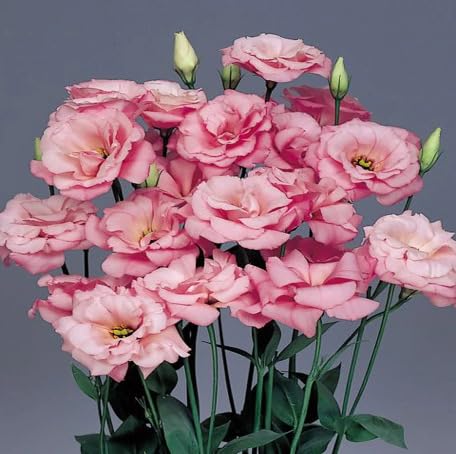 Pink Eustoma Flower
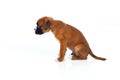 Adorable boxer puppy sitting Royalty Free Stock Photo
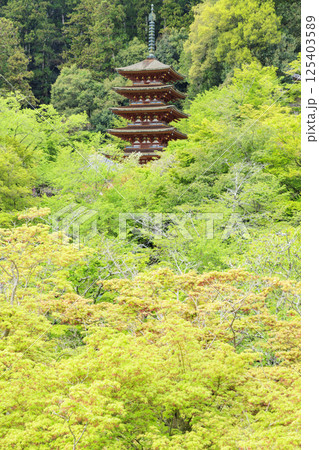 長谷寺 新緑の境内に咲く満開の牡丹 長谷寺 新緑の境内に咲く満開の牡丹 125403589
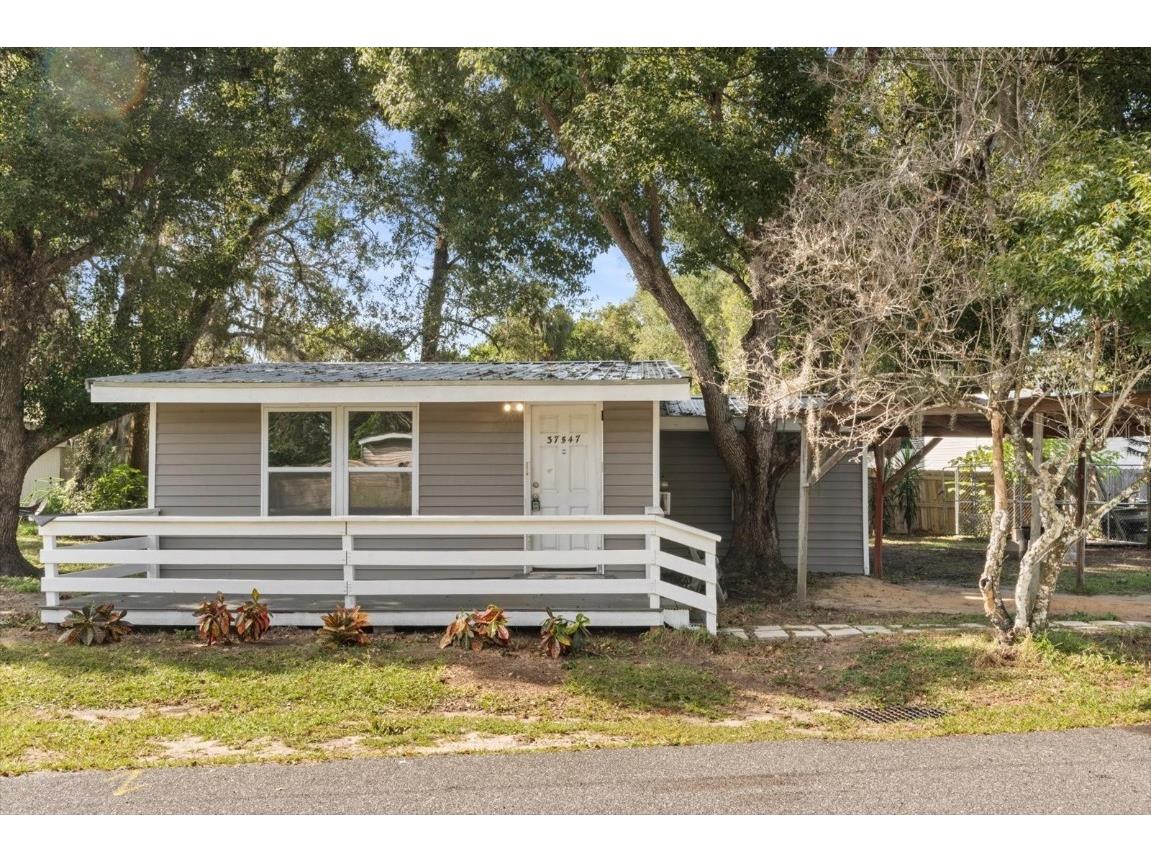 37547 Washington Avenue #6 Umatilla FL 32784 G5104350 image2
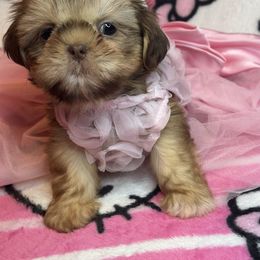 Klarity - Chocolate and tan female Shih Tzu puppy in Roseville, Michigan from Diamond Paws LLC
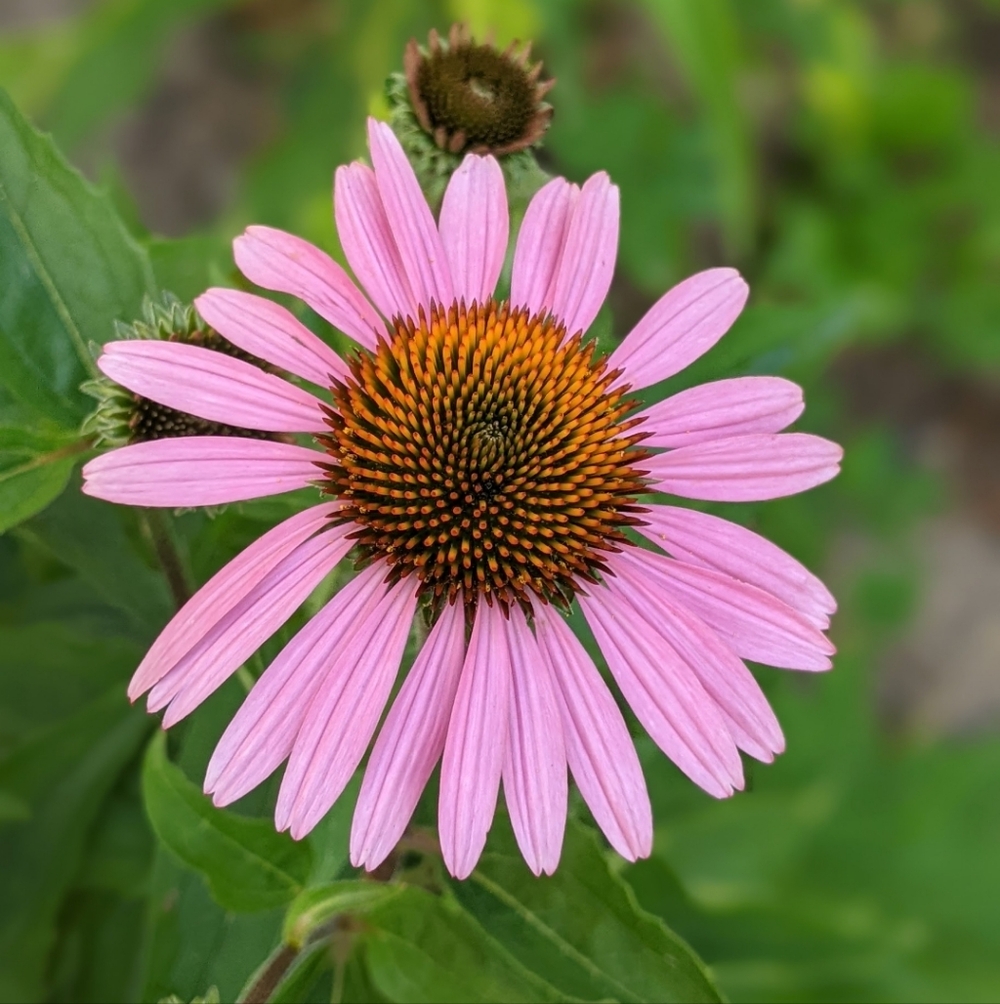 Coneflower Seed Packet - Picture 4 of 7
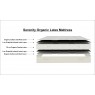 Serenity Organic Latex Mattress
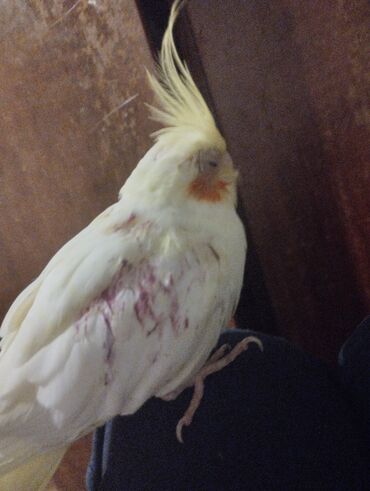 Tutuquşları: Məhsul: Nimfa (Cockatiel) tutuquşuları – ağ-sarı rəngli, yanaqlarda — 15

HOW TO COMPLETE THIS TASK → Extract only the lines from the line containing "Coneflower Seed Packet - Picture 4 of 7" through the final line of the listing above, unchanged; pictures stay out of the copy.

SOLUTION FOR THIS TASK →
 Coneflower Seed Packet - Picture 4 of 7
 Serenity Organic Latex Mattress
 Tutuquşları: Məhsul: Nimfa (Cockatiel) tutuquşuları – ağ-sarı rəngli, yanaqlarda — 15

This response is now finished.